* **Task statement**
Using the listing below, retype only the lines from the line with "Jubel in Grün-Weiß: Die" through the end, both ends included, and exclude the pictures.

* **The data**
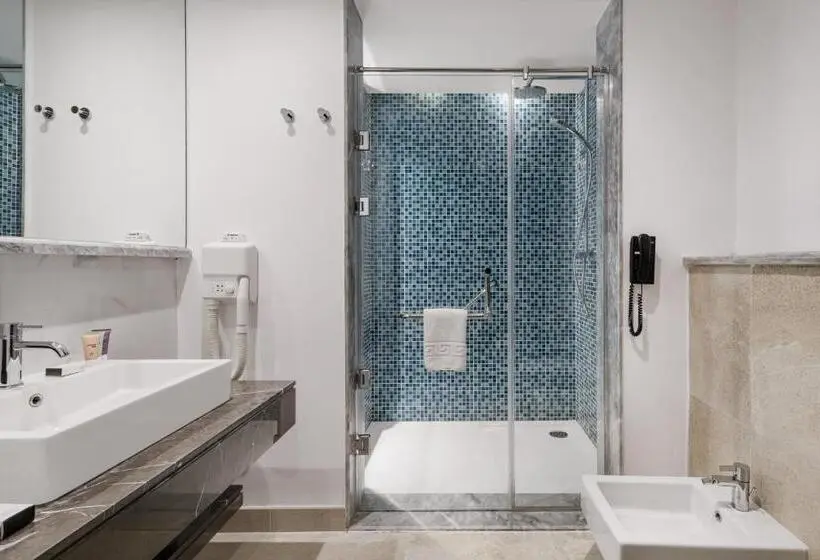 اتاق استاندارد با تخت بزرگ, The G Hotel Einbay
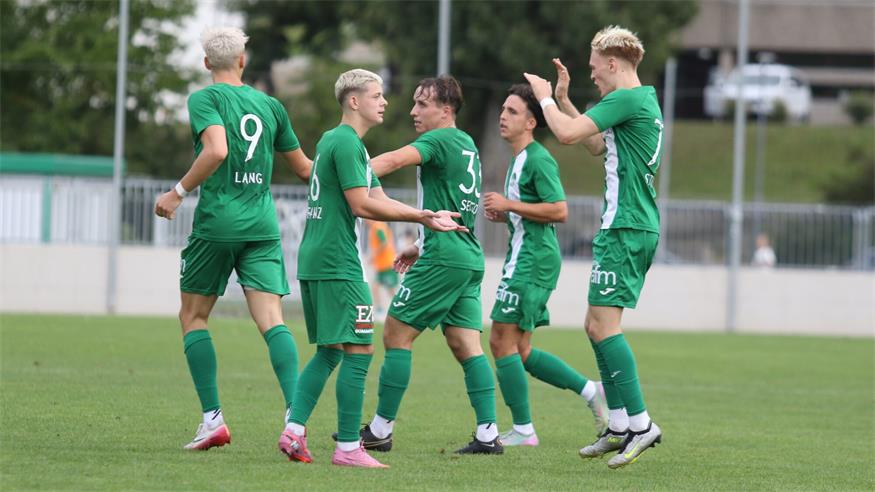 Jubel in Grün-Weiß: Die Spieler des Mattersburger SV feiern einen ihrer vielen Herbst-Erfolge – Sinnbild einer Hinrunde, in der der Ligaprimus mit 41 Punkten aus 15 Spielen neue Maßstäbe setzte.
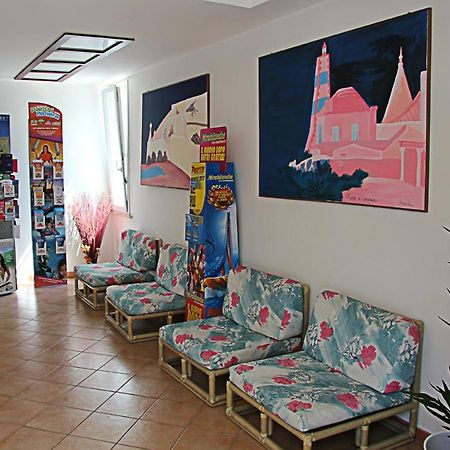 Residence Algarve Ρίμινι Εξωτερικό φωτογραφία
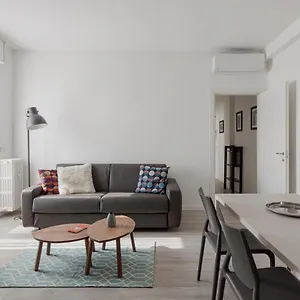  Apartment Amazing 2 Bedrooms Apt - Yellow Line Italy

* **Reply**
 Jubel in Grün-Weiß: Die Spieler des Mattersburger SV feiern einen ihrer vielen Herbst-Erfolge – Sinnbild einer Hinrunde, in der der Ligaprimus mit 41 Punkten aus 15 Spielen neue Maßstäbe setzte.
 Residence Algarve Ρίμινι Εξωτερικό φωτογραφία
  Apartment Amazing 2 Bedrooms Apt - Yellow Line Italy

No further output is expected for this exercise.